Matteo Giuntini si muove essenzialmente nel territorio della pittura, ma lo fa in maniera dirompente e viscerale. La sua è un’arte panteistica che celebra la natura e la sua forza irrazionale. Parte di questa natura è l’uomo: non centro di un mondo al suo servizio, ma soggetto agente e pensante nel vortice caotico delle cose naturali. Le connessioni che il pittore livornese ci propone sono degli inganni per spiazzarci: le parole ci portano lontano dai significati, i rapporti di causa-effetto saltano sotto i nostri occhi. Siamo nel regno dell’assurdo e paradossalmente pienamente a nostro agio, dopo lo spiazzamento iniziale.

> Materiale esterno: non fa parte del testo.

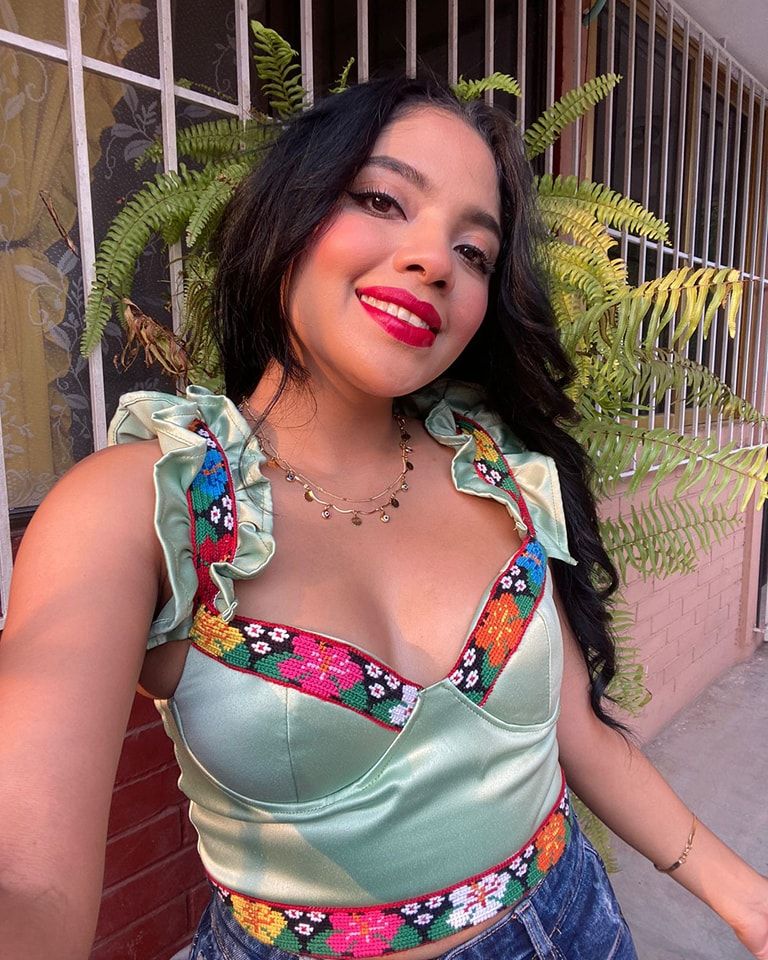 Mujer vistiendo un top verde con bordado de flores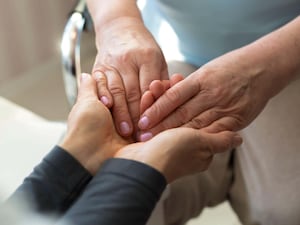 Hands of a mature woman or caregiver of care and support. Close-up.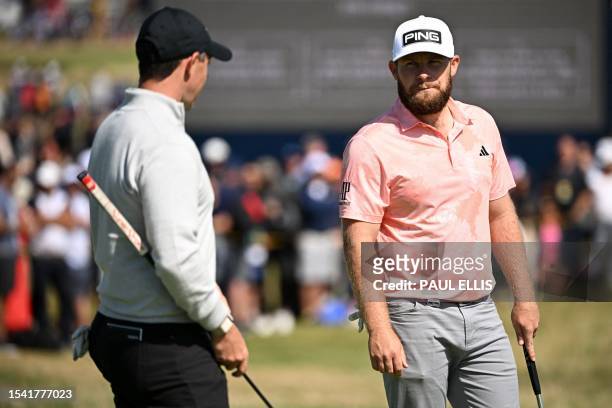 Northern Ireland's Rory McIlroy talks with England's Tyrrell Hatton on the 14th green during a practice round for 151st British Open Golf...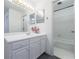 Bright bathroom with a white vanity, modern faucet, and shower/tub combination at 27306 Plantation Ne Dr, Atlanta, GA 30324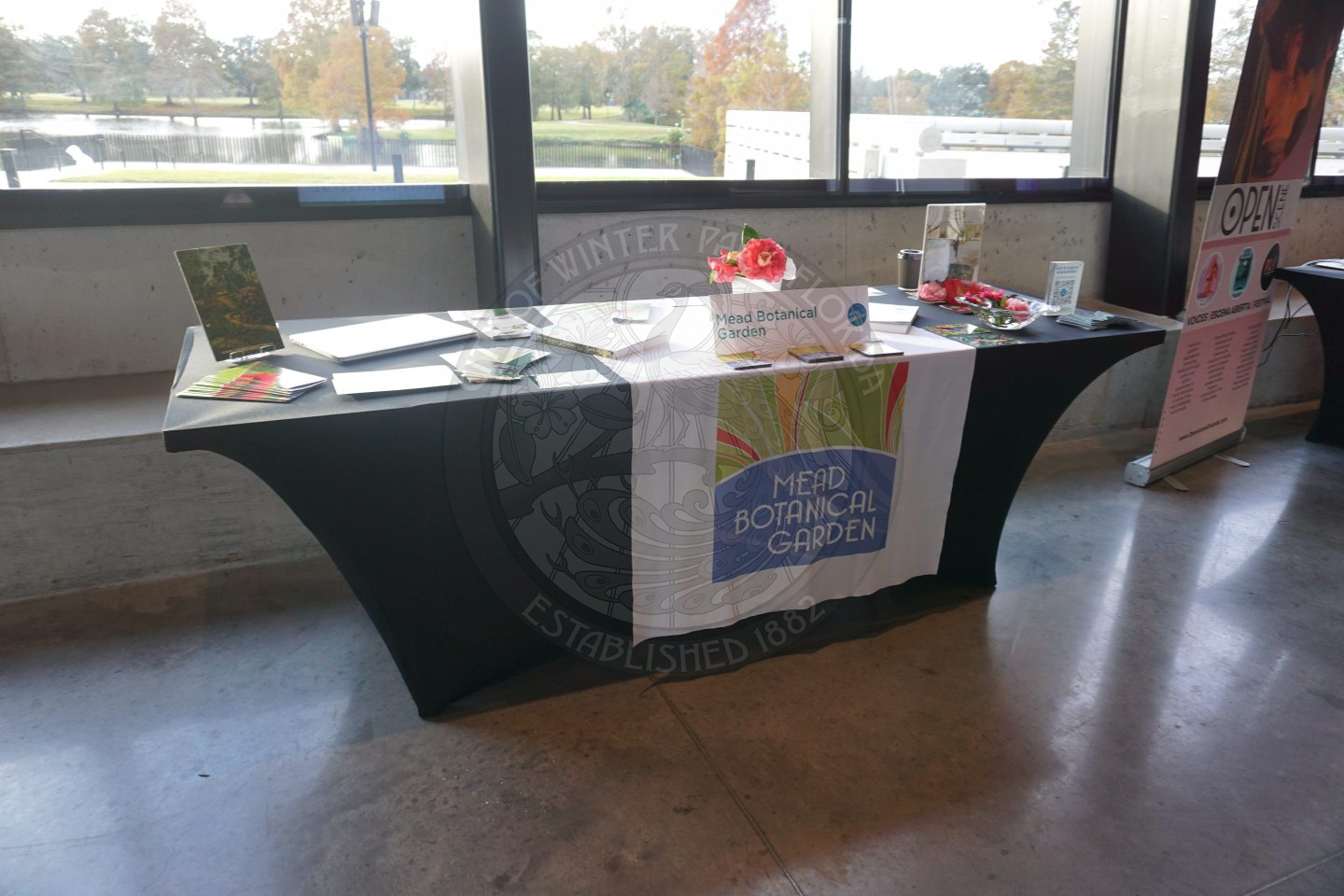 A table with black linen and on top of the black linen is a table runner that states Mead Botanical Garden and papers surrounding it regarding information about the company.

La difficoltà di stare al mondo, comune a ogni essere umano, esplode sulla tela di Giuntini attraverso volti grotteschi e segni primordiali che ricordano le pitture rupestri. Elementi vegetali che sembrano uscire da erbari medievali irrompono nella rappresentazione: non sono immagini consolatorie o decorative, ma frammenti di natura che vanno a fuoco come la nostra anima, mentre profili animaleschi emergono dallo sfondo. È un’arte a suo modo mistica, fatta di un animismo contemporaneo che si posa su ogni aspetto della realtà per divorarlo, assimilarlo e infine restituirlo sulla tela in forma di pittura.